Eventually, they both plot to escape. Jadis, trying to stop them, threatens to expose everything to CRM leadership. Michonne straight up kills her in a brutal moment. Jadis dies a traitor, and no one mourns her.
Then comes Major General Beale, the main villain. He tries to manipulate Rick into becoming a permanent CRM asset. Rick plays along briefly, then shoots Beale in the head in a move that honestly should’ve come way earlier.
Let’s talk about the CRM for a second… because what even was that payoff?
This group has been built up since Season 9 of The Walking Dead. You’ve got the helicopters, the mystery soldiers, the whole “A or B” thing, Jadis (Pollyanna McIntosh) acting like a full-on traitor gremlin, and then they expand it into Fear The Walking Dead, and then they make them the main villains in World Beyond. This wasn’t just a side threat — this was the long game villain across multiple shows.
And then we finally meet the big guy in charge — Major General Beale (Terry O’Quinn).
The dude who’s supposedly running this entire operation. The mastermind. The guy behind the Civic Republic Military.
And what do we get?
A glorified exposition dump.
He sits Rick (Andrew Lincoln) down and basically goes, “Oh by the way, yeah… we’ve been around longer than you think. We were the ones nuking cities.”
Which is clearly tying back to Fear The Walking Dead when those nukes went off.
And it’s like… okay… sure… I guess the CRM existed before or right as the apocalypse kicked off? That’s… a massive revelation… that should probably matter a lot?
And then the show immediately does nothing with it.

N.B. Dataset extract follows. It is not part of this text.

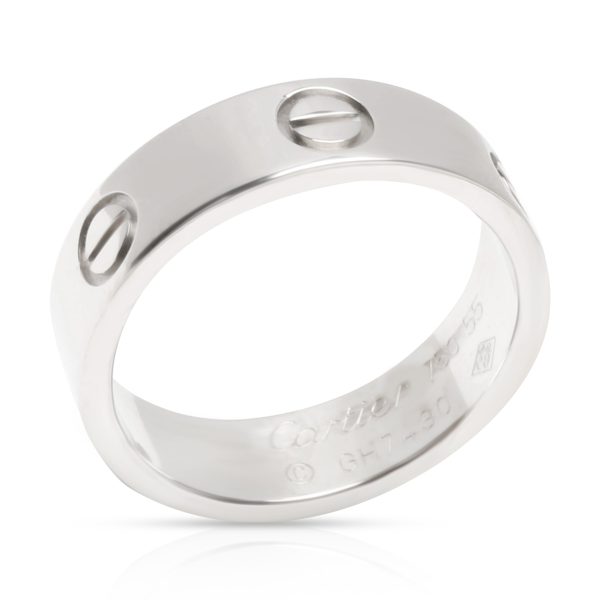 Cartier Cartier Love Ring in 18K White Gold Size 55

Rick just goes, “Yeah, nah,” hits him with the “We’re not the walking dead… you are,” and kills him.
That’s it.
That’s the payoff to YEARS of buildup.
Meanwhile, Jadis — who has been bouncing between shows acting like a full-blown carrot-eating backstabber this whole time — spends her entire existence switching sides, playing both ends, selling people out, all for this organization that… collapses in about five minutes once Rick decides he’s done talking.
And let’s not forget, Fear The Walking Dead already made the CRM look like a joke when Morgan (Lennie James) and the group basically dealt with them way easier than they ever should’ve.
So by the time we get to The Ones Who Live, this “massive, world-controlling threat” has already been chipped away, and then the finale just walks in and deletes them like they’re a side quest.
All that buildup. Multiple shows. Years of teasing.
For a villain that gets taken out in one conversation and a quick stab.
Cool.
Glad we spent all that time on them.
I will absolutely forget this entire organization existed by next week.
That’s when the dominoes fall.
With Beale and Jadis both dead, CRM descends into chaos. Internal power struggles erupt. Resistance fighters sabotage critical operations. The CRM finally starts to collapse.
In the end, Rick and Michonne escape for real this time.
The final scene? The one good moment in the whole show: they return home and reunite with their two kids—Judith and RJ. It’s meant to be emotional, but by that point, you’re just relieved it’s over.